I don’t know who needs to hear this, but the worst thing you can do when you notice your kids are playing nicely together is telling them that you like how they’re playing nicely together.
I TRY to shoot all of my garbage into outer space, but usually it just lands in my neighbor’s backyard.
Torturer: I will break you
Me: Do you wear that hood to hide your sadness?
Torturer: *broken* ah hell man I just wanted to be a chef
Muffins – for people who don’t have the guts to order cake for breakfast.
A poltergeist was moving furniture around the house, and I really love what he’s done with the place.
I was going to learn to play the violin, but it was too much of a commitment.
I wanted something with no strings attached.

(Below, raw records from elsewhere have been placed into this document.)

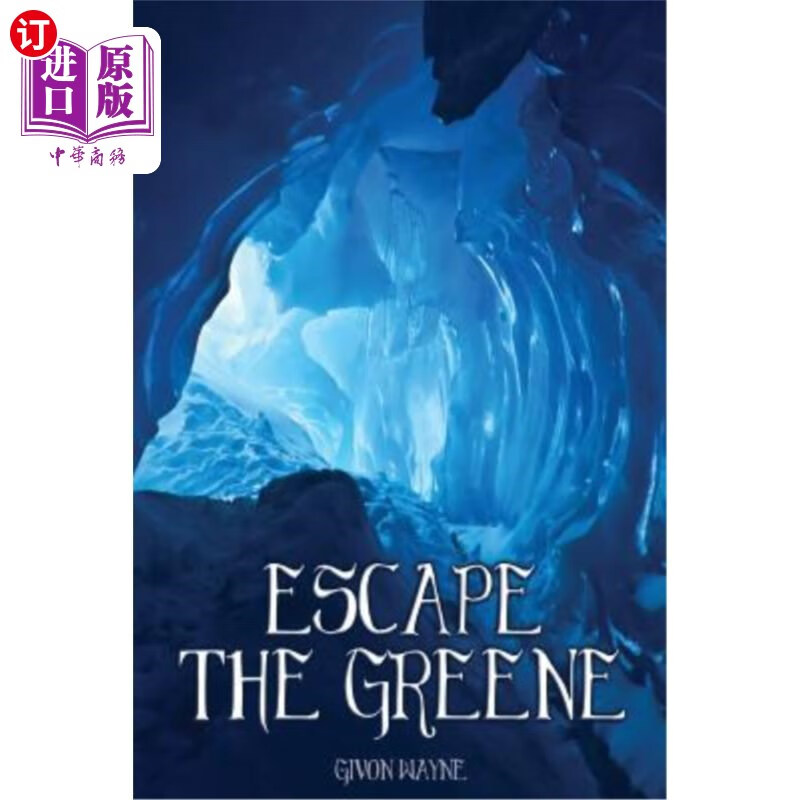 海外直订escape the greene - sequel to beyond the greene 逃离绿色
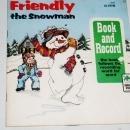 Friendly The Snowman, Peter Pan Childs Record and Book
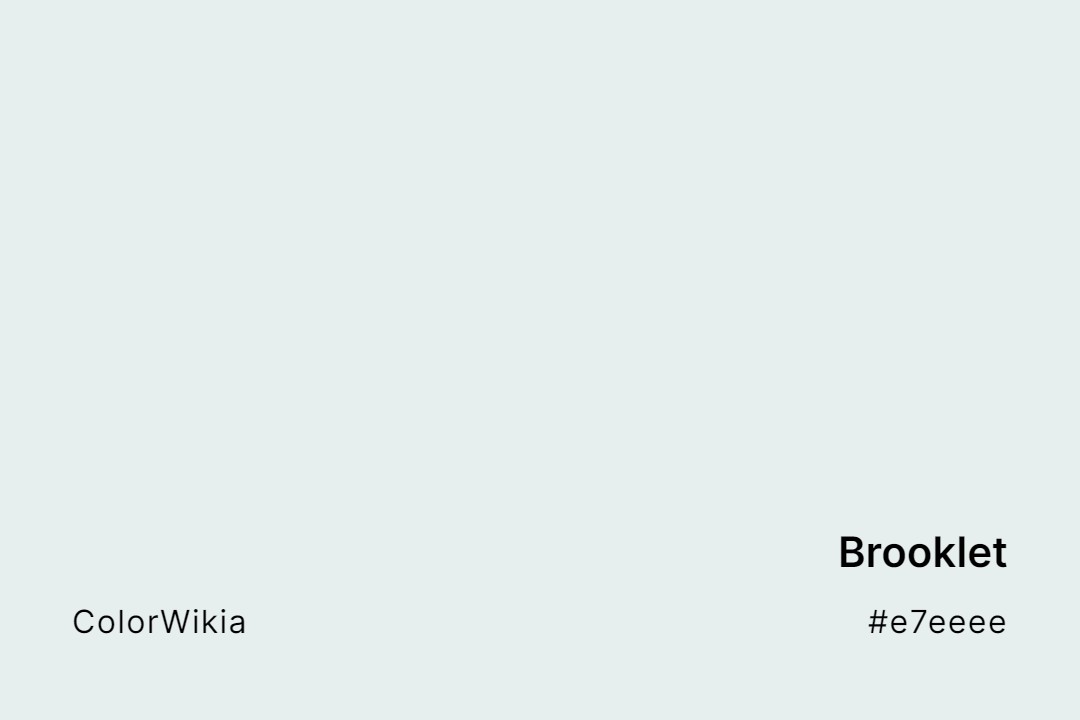 Brooklet Color – #e7eeee: Codes and Complete Breakdown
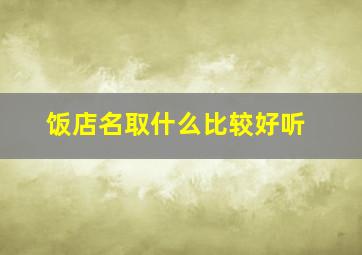 饭店名取什么比较好听,饭店取名字有没有好听点的名字大全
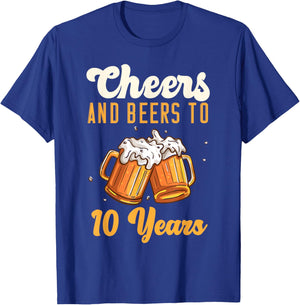 Cheers And Beers 10 Years Anniversary Birthday T-Shirt - T-Shirt | Royal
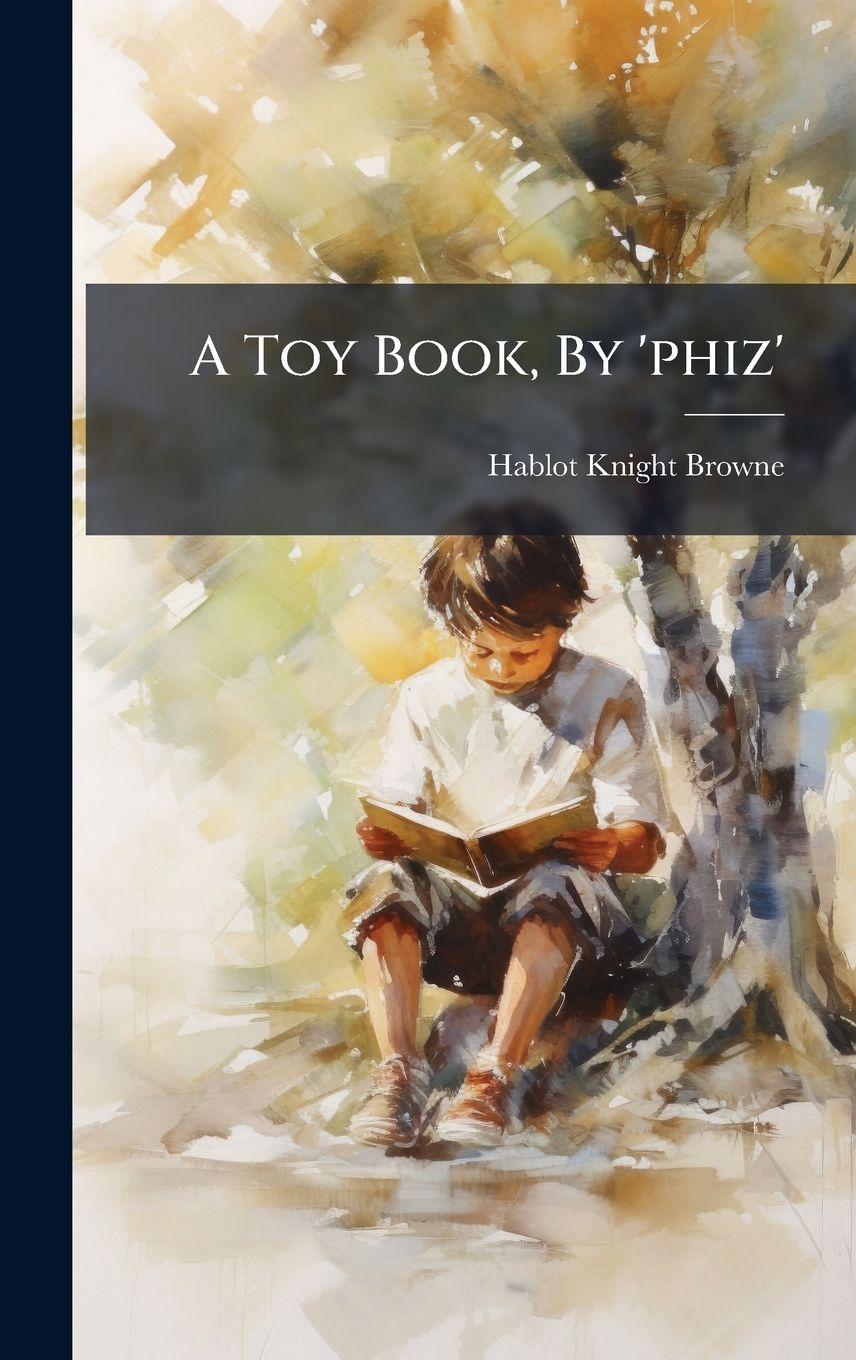Kniha A Toy Book, By 'phiz' Hablot Knight Browne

You all think your dad’s cargo shorts are lame until you need to smuggle some Reese’s Pieces into the movie theater.
[first date]
me: are you a reader?
date: omg i love reading
me: [handing her my menu] thank god
Me: * spends the day cleaning the house*
My kids: what have you done?!
DO GUYS EVEN KNOW HOW TO BE GENTLEMEN ANYMORE?
Open doors for her
Carry her bags
Pull out a chair for her
Place your expensive jacket over mud puddles
Punch out her other suitors
Hang her father from his ankles so he knows who’s Daddy now
Hire hit-men on her exes
Buy her flowers
I formerly apologize to my mother for any and everything that follows that she inevitably won’t approve of. #TheFirstLineInMyAutobiography
If shame burned calories, I’d be back to my birth weight by now
I know I have a dark sense of humour sometimes, but I’m genuinely just trying to make people laugh and never really trying to be offensive
Unless, of course, you’re vegan lol
If a UFO silently mowed my lawn during the night, I wouldn’t say shit.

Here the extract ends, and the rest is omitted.